Over the course of his illustrious literary career, Arthur Conan Doyle wrote 56 short stories and four novels featuring Mr. Holmes. Today, only 10 of these stories remain under the 95-year copyright protection afforded to Sir Doyle’s estate. The Seventh Circuit recently held that the remaining 46 stories and four novels are in the public domain; that is, the copyright protection once owned by Doyle’s estate has expired. This ruling comes after the Doyle estate sued Leslie Klinger, an editor about to publish an anthology of original fiction starring Sherlock Holmes.
In the lawsuit, the Doyle estate attempted to prevent others from creating movies, books, television programs, and other popular media featuring Sherlock Holmes without first procuring a license. However, based on the plethora of popular Holmes portrayals accessible by hungry viewers today, their efforts were unsuccessful. The Doyle estate based its arguments on the idea that while many of stories featuring Holmes had entered the public domain, the later stories (on which the copyright protections expire in 2018) continued to develop from the older works. The Seventh Circuit reasoned that an author could not extend copyright protection of an original character by later altering that character.

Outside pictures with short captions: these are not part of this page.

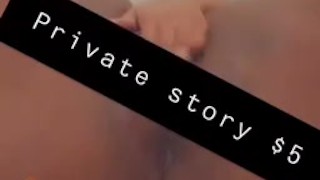 Ebony bbw masterbation on private snap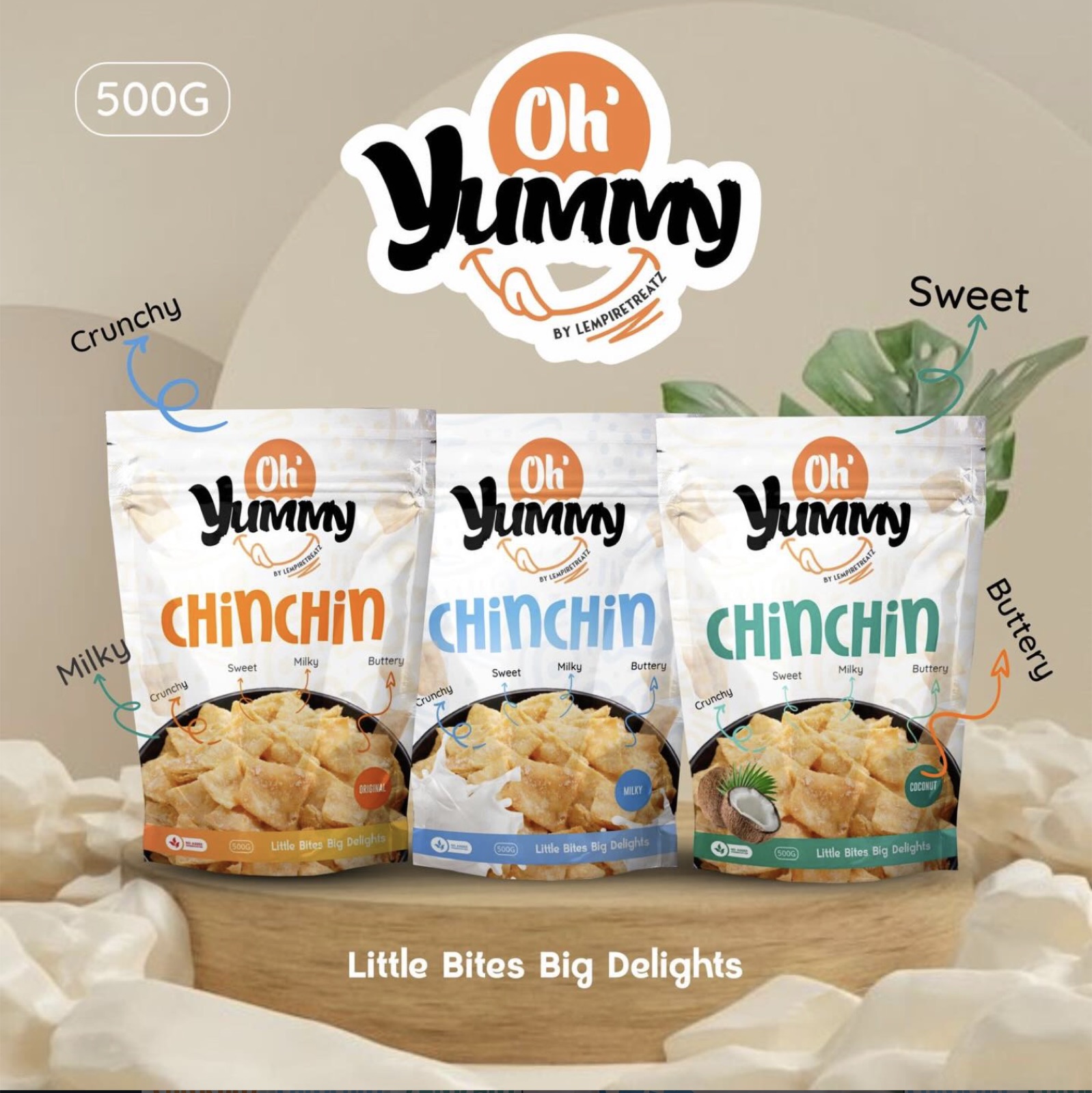 Chinchin 500g range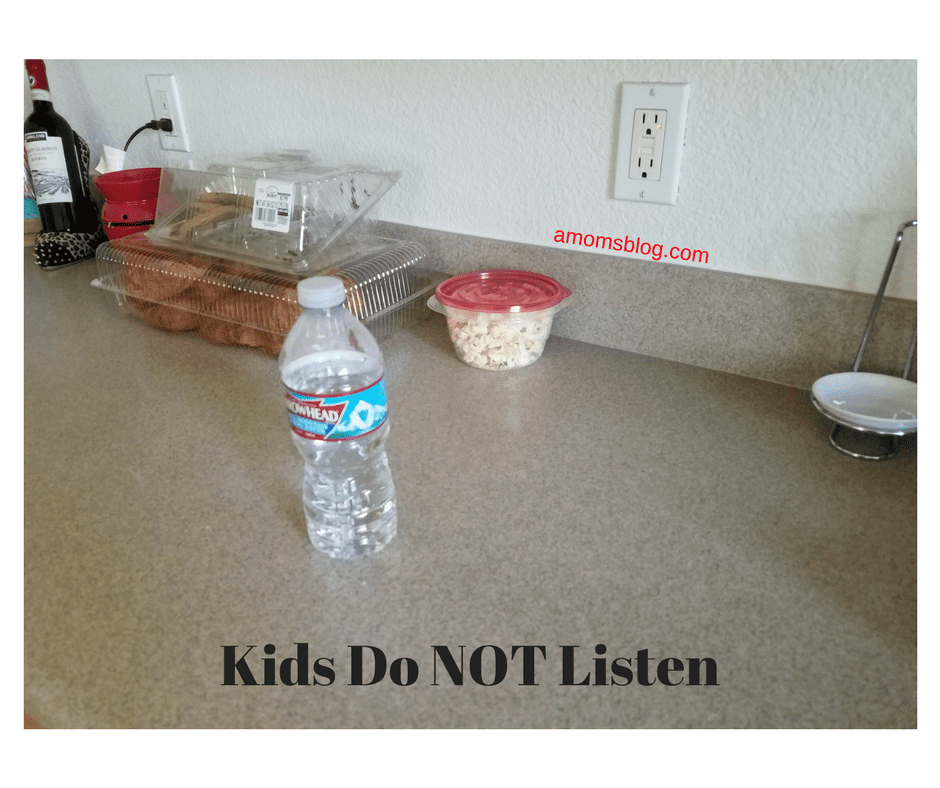 Kids Do NOT Listen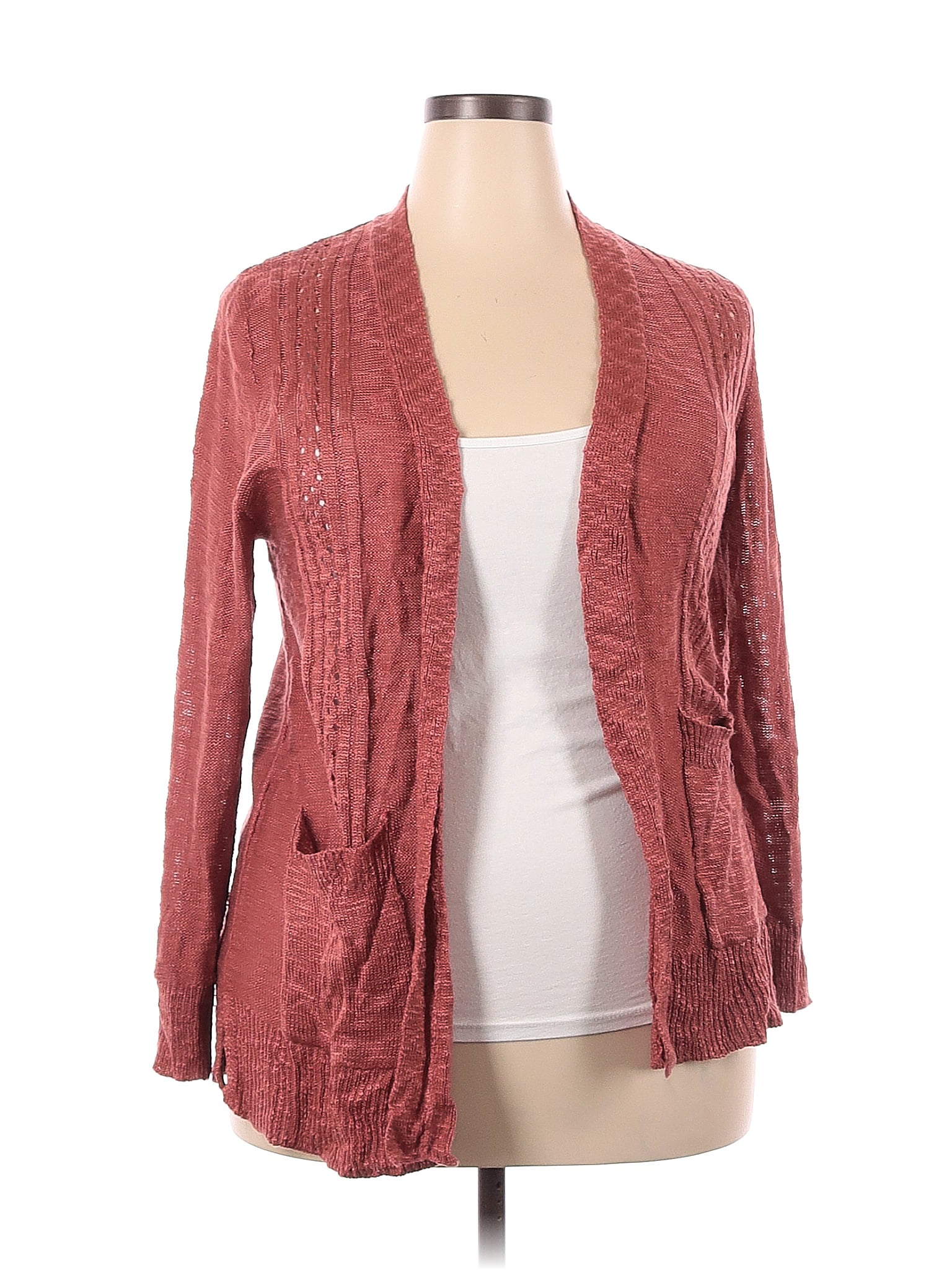 Love Ellie 100% Acrylic Pink Cardigan Size XXL - 71% off | ThredUp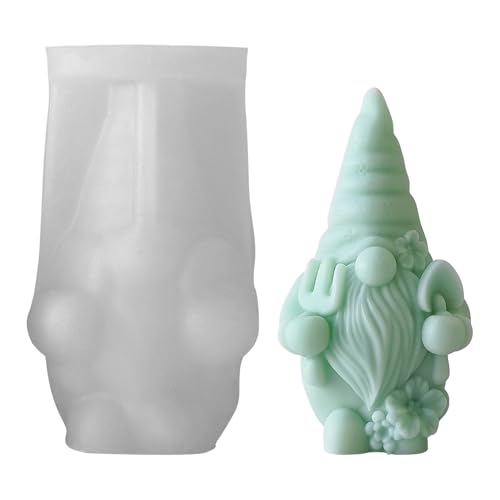 Vartegas 3D Silikon Kerzenformen Für Zwerg Design Handgemachte Duftkerzen Handgefertigte Seife DIY Handarbeit Ornamente Mehrfach Verwendbar Geschenkidee (B) von Vartegas
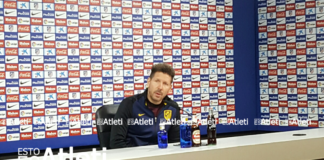 Simeone: «Juanfran podría ser una alternativa contra el Valencia»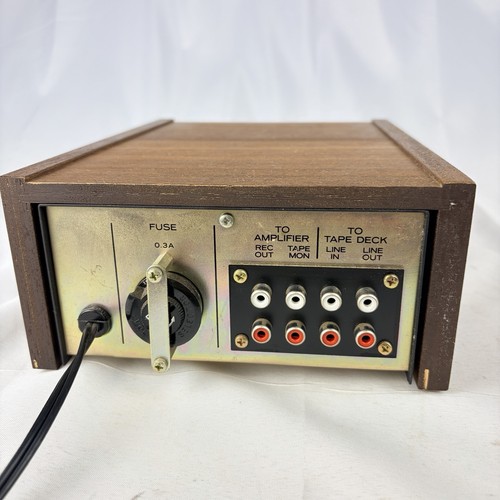 Vintage TEAC AN-60 Noise Reduction Unit Dolby System Wood Case Tested Working - Picture 7 of 13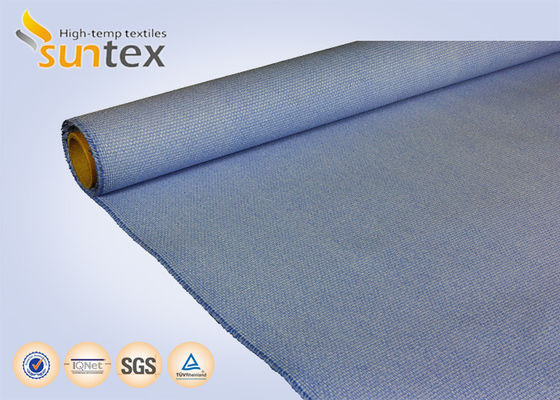 Thermal Insulation & Fireproof Grey Glass Fibre Fabric Roll – Calcium Silicate Coated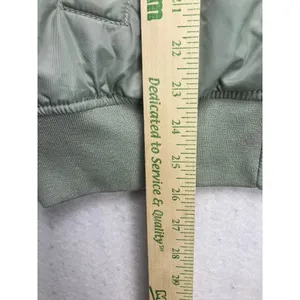 Ann Taylor Weekend Bomber Jacket Womens Medium Sage‎ Green Lightweight thumbnail 10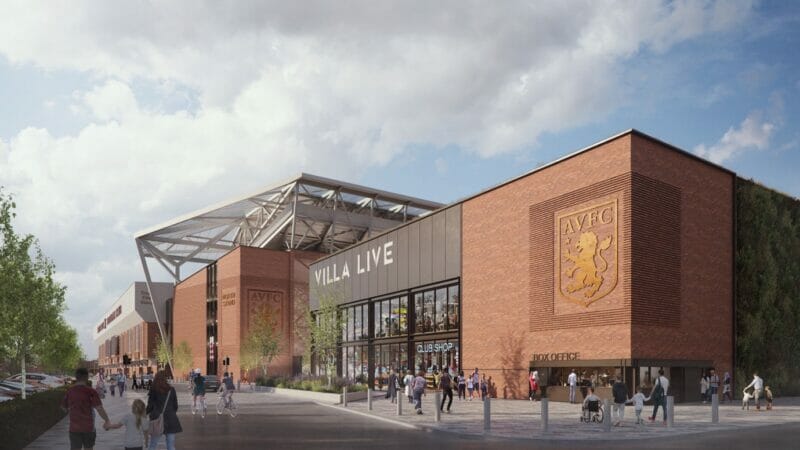 Aston Villa unveils new CGIs of Villa Park redevelopment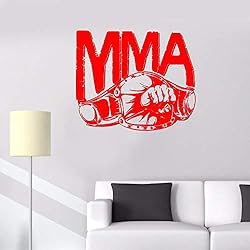 zqyjhkou Hot Sports Real Man Décoration Stickers Muraux MMA Ceinture Poing Punch Combat De Boxe Extrême Amovible Vinyle Art Peintures Murales Stickers 2 53x42cm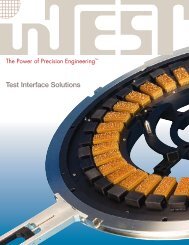 NEW Test Interface Products Brochure - InTest Corporation
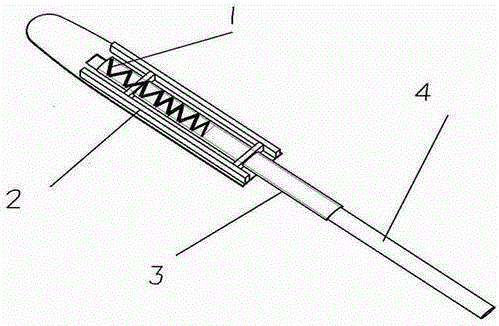 In-series coaxial twin-propeller tailstock-type vertical taking-off and landing unmanned aerial vehicle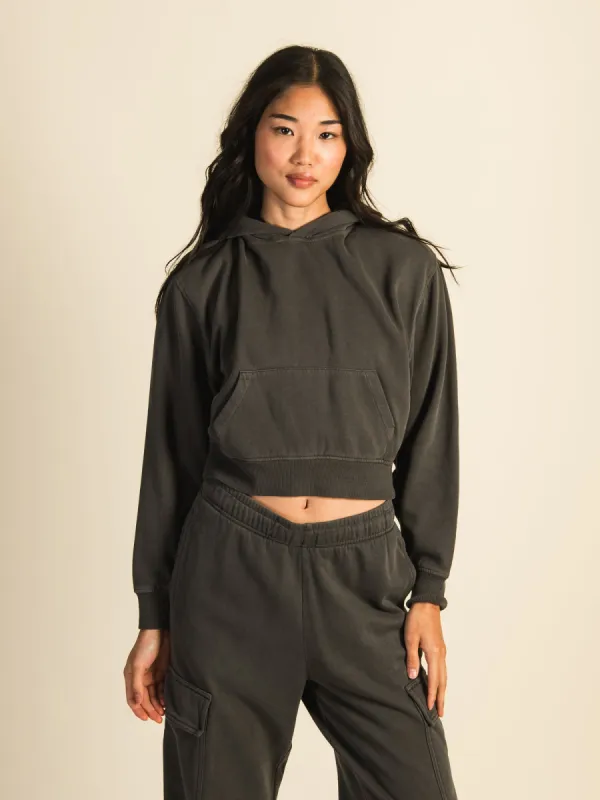 HARLOW BRE POPOVER HOODIE - CHARCOAL sold by Harlow
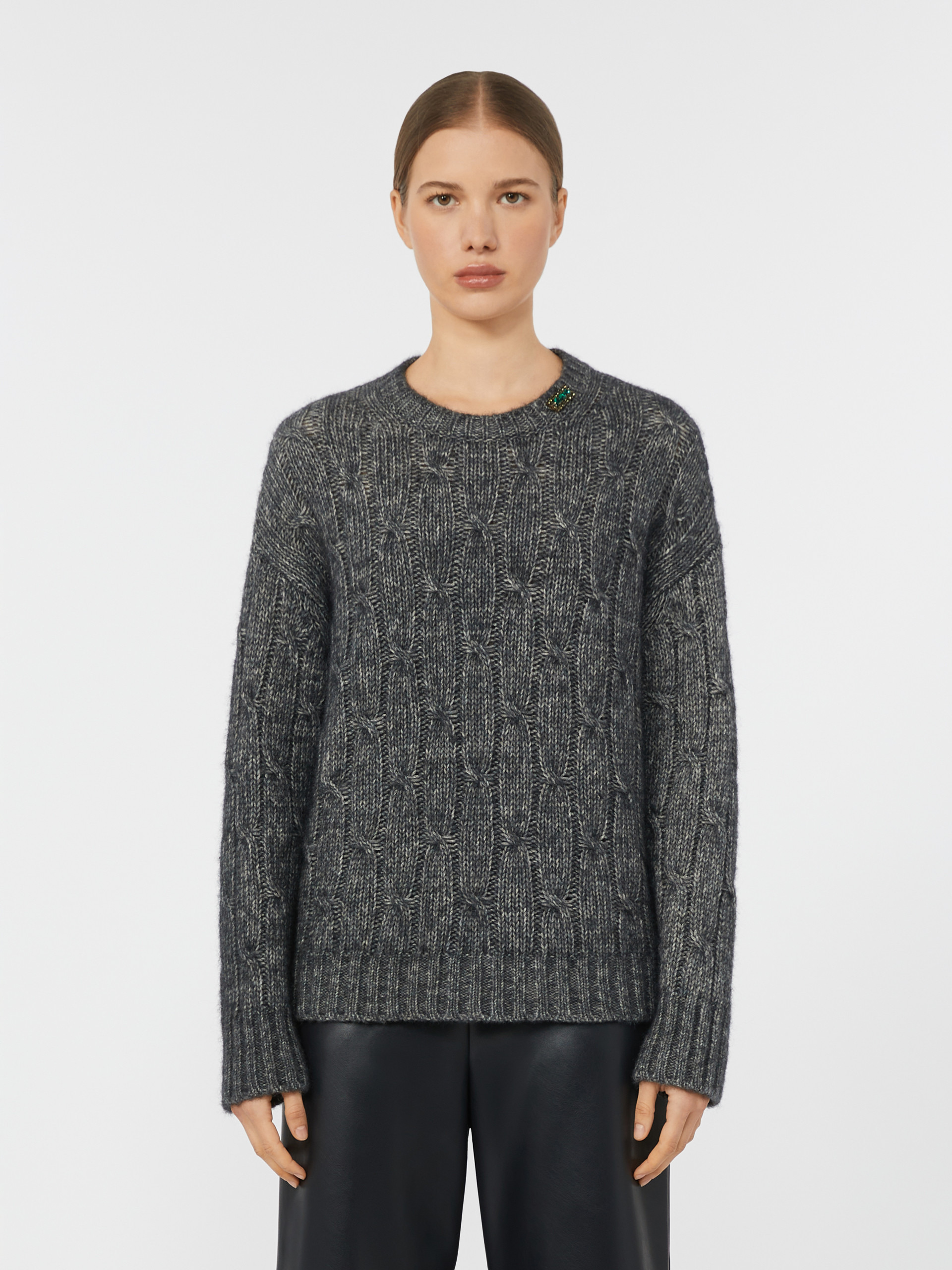 CABARET Boxy jumper in alpaca and cotton - 3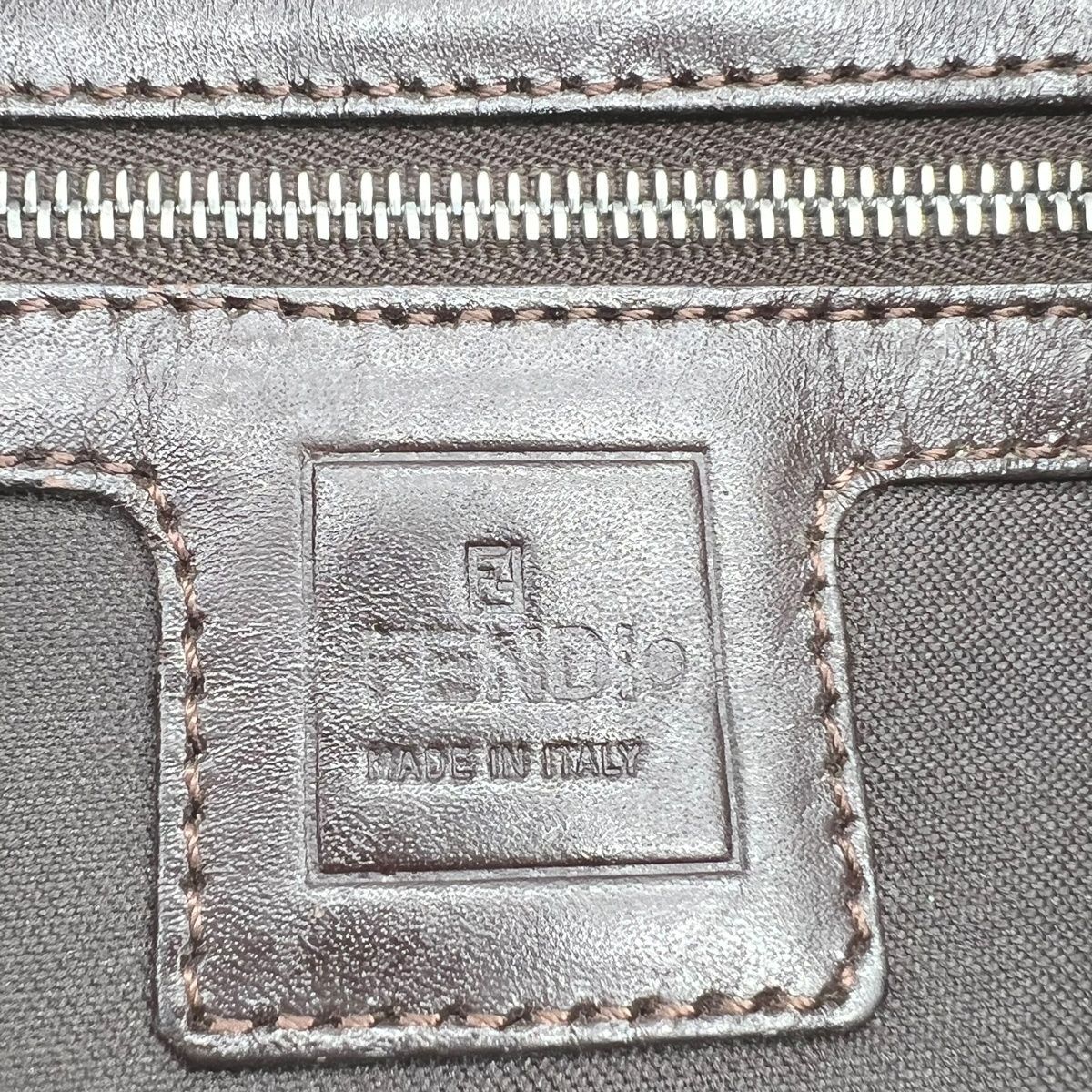 中古】 Fendi フェンディ ハンドバッグ ズッカ柄 マンマバケット 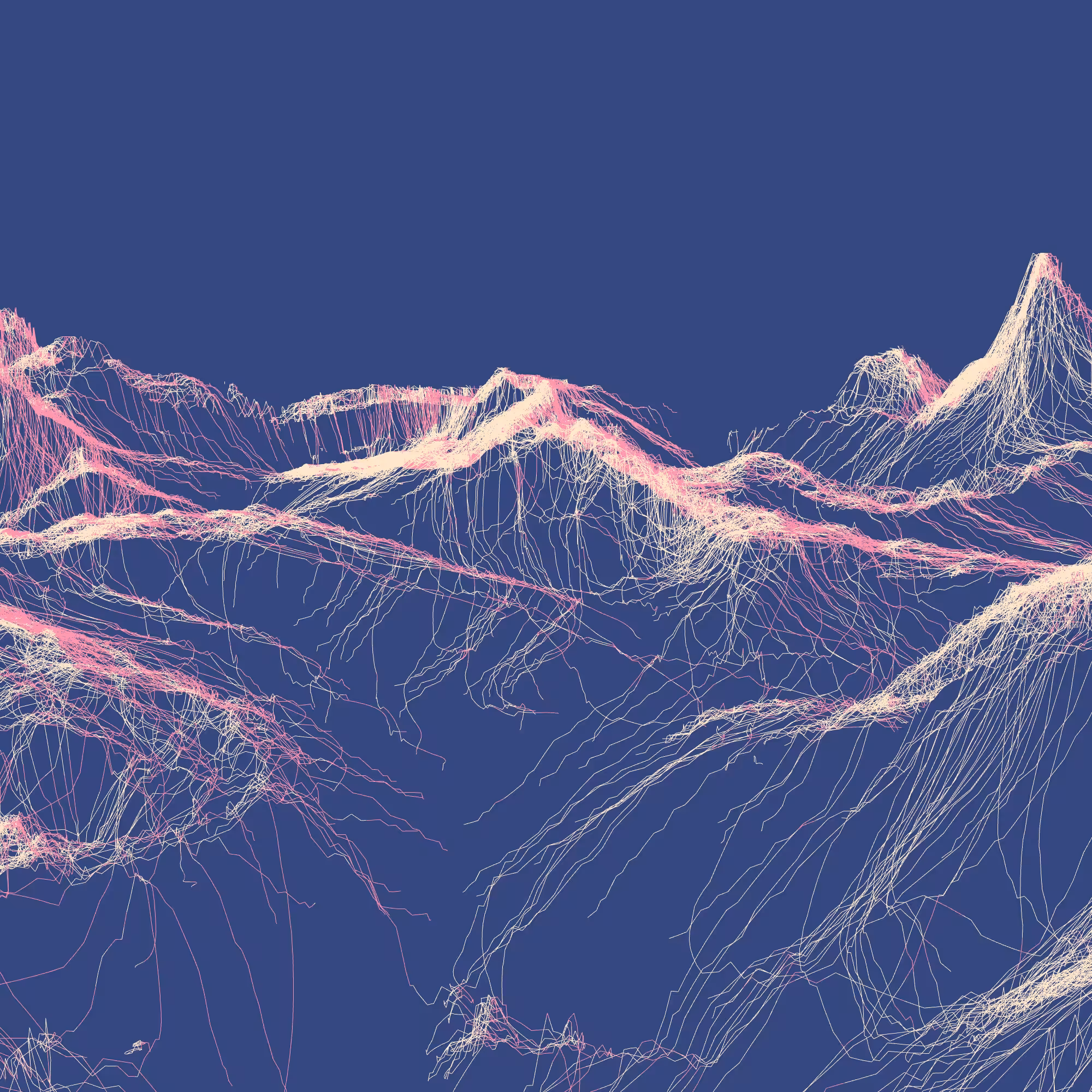 Ridge Scribbles #17
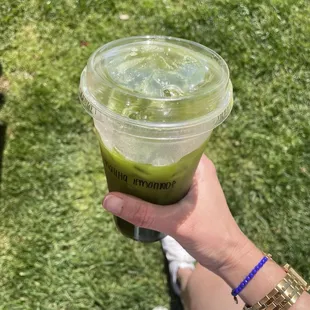 Matcha lemonade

This case presents very interesting questions in the realm of copyright law. Can courts articulate certain limitations for characters that appear in both works in the public domain and in works protected by copyright law? Klinger’s defense in this case was that he was not infringing on the 10 protected stories. There are some details in these stories that were not previously introduced in earlier works. For example, Holmes’ feelings about dogs and information about Dr. Watson’s second marriage. Klinger did not use these details in his anthology. In response, the Doyle estate tried to make a distinction between flat and round characters; Holmes fell into the latter category. His character arc, the estate argued, was not “rounded off” until the completion of the latest work (which was still under protection). In the end, the Court seemed to agree with Klinger that copyright protection was limited to the four corners of the page – or in this case, each of the 56 stories and four novels was afforded protection separately. Though a complex and thoroughly established character, Sherlock Holmes himself was not granted any sort of comprehensive copyright protection beyond the individual stories in which he appears.
This case begs questions about works that develop from one another. Certainly sequels of books or films build on details that were introduced in their predecessors. So when copyrights expire on earlier works, how will courts afford protection to the recurring details in the later works? In an age when characters are being adapted in so many ways, so many times, and in various modes of popular media, these questions will become more difficult. How will courts grapple with limiting or widening access to creative adaptations in the age of multimedia?